La question des médias audiovisuels « va devenir un enjeu politique central »

La question des médias audiovisuels « va devenir un enjeu politique central »

Sur le Blog du Monde  « Le Puzzle Socialiste » le 23 janvier 2010 par Jean-Michel Normand

Les chevau-légers du PS (…et tant pis si certains d’entre eux ne font pas toujours dans la finesse) se sont lancés à l’assaut de la citadelle de la télé-Sarkozy. Dans l’édition du Monde datée 24-25 janvier, Vincent Peillon persiste dans sa charge contre le service public. Dénonçant « la servilité » des dirigeants de France Télévision, il dit ne rien regretter du lapin posé à Arlette Chabot le 14 janvier sur France2 et assure apporter des éléments à sa décharge. De son côté, la direction de France Télévisions s’est dite « indignée des propos injurieux et mensongers » tenus par l’eurodéputé.

En fait, une émission chasse l’autre. L’ire socialiste se mobilise désormais contre ce grand moment de télévision que devrait être, lundi 25 janvier, la participation de Nicolas Sarkozy, sur TF1, à l’émission spéciale, « Paroles de Français » quelques jours avant le début du décompte des temps de parole pour les élections régionales. Le président de la République devrait passer une soirée pas trop difficile sur la chaine de son ami Martin Bouygues qui a délégué pour le mettre sur le grill l’impertinente Laurence Ferrari et la légende de la profession qu’est Jean-Pierre Pernaud. Le porte-parole du PS, Benoît Hamon en appelle au CSA et ironise en considérant que le président de la République étant supposé « être intégré dans le temps de parole du gouvernement pour tout ce qui concerne la politique intérieure » il ne « devrait pas y avoir en théorie beaucoup de (membres du) gouvernement sur TF1 pendant un mois ». Reste à savoir s’il parlera tant que cela de politique intérieure. Patrick Bloche, député de Paris et secrétaire national du PS chargé des médias, considère dans une interview au Post qu’une « nouvelle fois, la communication présidentielle bénéficie d’un relais complaisant de la part de TF1 ». Selon lui, « on retrouve les liens coupables entre Sarkozy et les groupes industriels qui contrôlent les grands groupes de médias ».

Les montées au créneau des socialistes contre la télé pro-Sarkozy n’ont rien d’inhabituel. La question est de savoir si, cette fois, une phase nouvelle s’ouvre.
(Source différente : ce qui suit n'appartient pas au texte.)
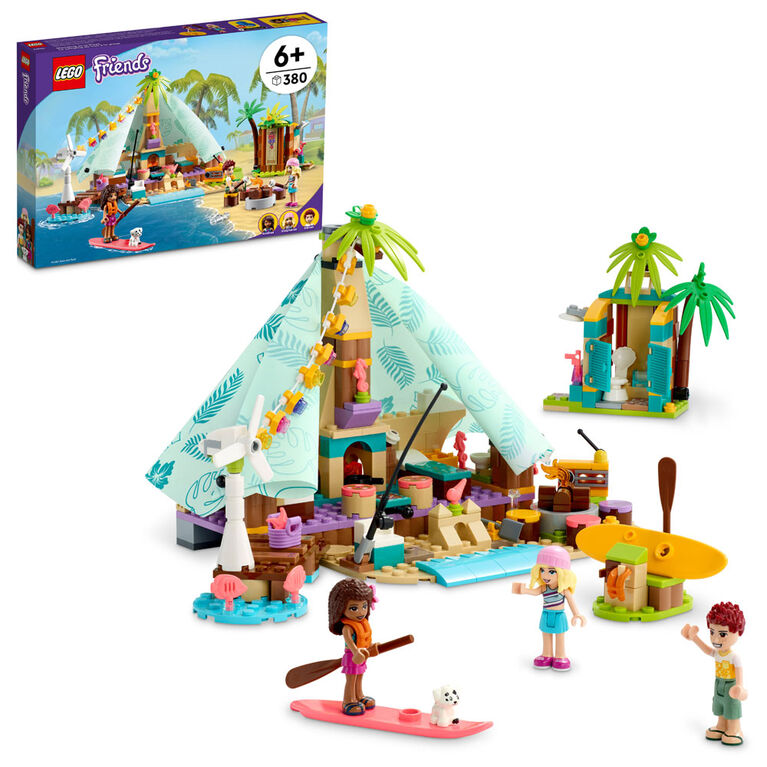 LEGO Friends 41700 Le camping de luxe à la plage 41700 Ensemble de construction (380 pièces)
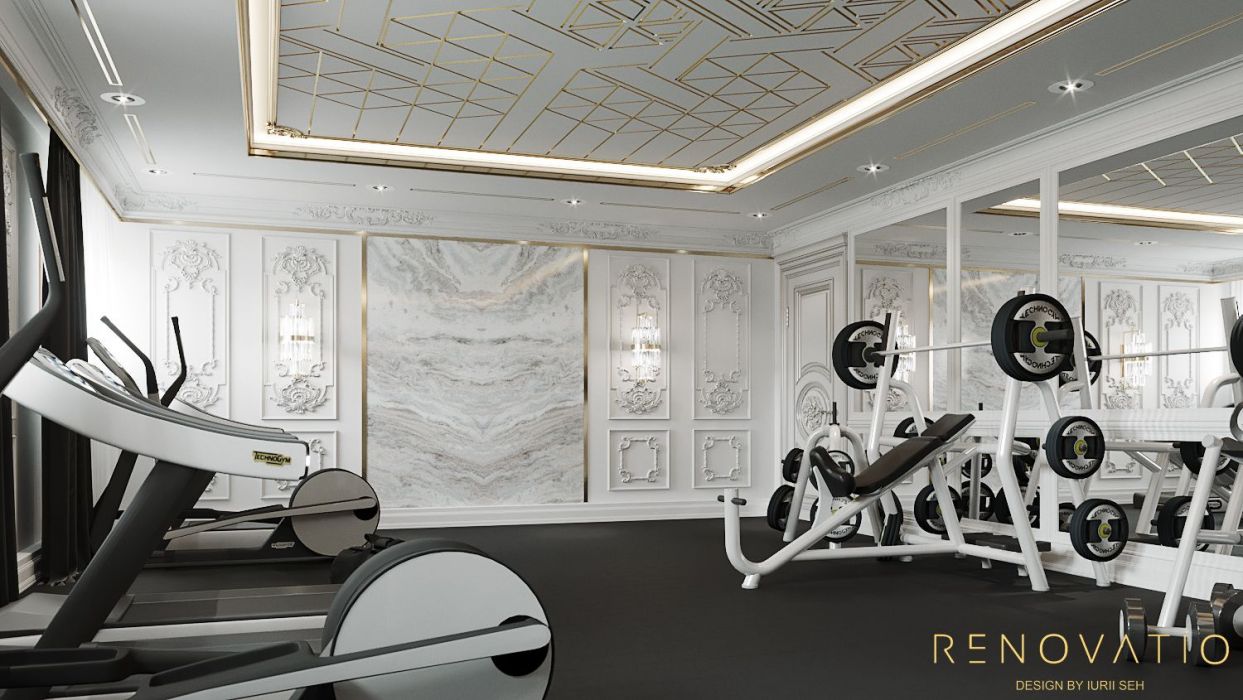 Projects - Gyms - Gym Hall In Cottage - A photo  1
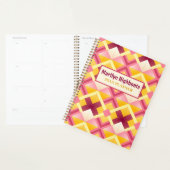 Roze en gele diamanten planner (Display)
Depuis quelques semaines – en particulier depuis le lancement du débat sur « l’identité nationale » – les rapports entre la télévision et le pouvoir ont-ils franchi un échelon supplémentaire ? Enregistrent-ils un « saut qualitatif » ? Deux thèses sont en présence. Samedi, lors de « la journée d’étude et de travail » du Rassemblement social, écologique et démocrate organisé à Paris, Vincent Peillon a de nouveau sonné le tocsin en s’inquiétant de la « Berlusconisation » du pouvoir et d’une « régression démocratique », appelant les « démocrates » à « se ressaisir collectivement ». David Assouline, sénateur PS partage cette thèse. Il considère que la question des médias audiovisuels « va devenir un enjeu politique central » dans la perspective de la prochaine présidentielle.

D’autres livrent une vision moins systématique « On ne peut pas dire qu’il y ait un changement qualitatif » estime l’avocat Jean-Pierre Mignard. « Sarkozy utilise à son profit les médias audiovisuels qui se focalisent trop sur le traitement événementiel de l’actualité et accordent donc une place excessive au débat lancé par le gouvernement sur l’identité nationale » estime-t-il. « Parler de Berlusconisation, c’est excessif, souligne pour sa part François Rebsamen. La situation est préoccupante mais – hélas – elle découle des pratiques habituelles du pouvoir. Bref, cet épisode ne constitue pas une surprise ». Présent à la réunion du Rassemblement, Robert Hue trouve « gravissime » ce qu’il considère comme une « instrumentalisation » des médias. Lui aussi discerne-t-il un changement de nature ? « Je me garde des épithètes » répond, hardi mais prudent, l’ancien secrétaire général du PCF.

Quant à Jean-Luc Bennahmias, ex-Vert passé au MoDem, il a apporté samedi un commentaire empreint d’une intéressante profondeur historique. « En matière de privatisation des médias et du rôle confié à de grands industriels dans le secteur de la télévision, il semble me souvenir que la gauche a joué un certain rôle dans les années 80 » a fait remarquer le député européen.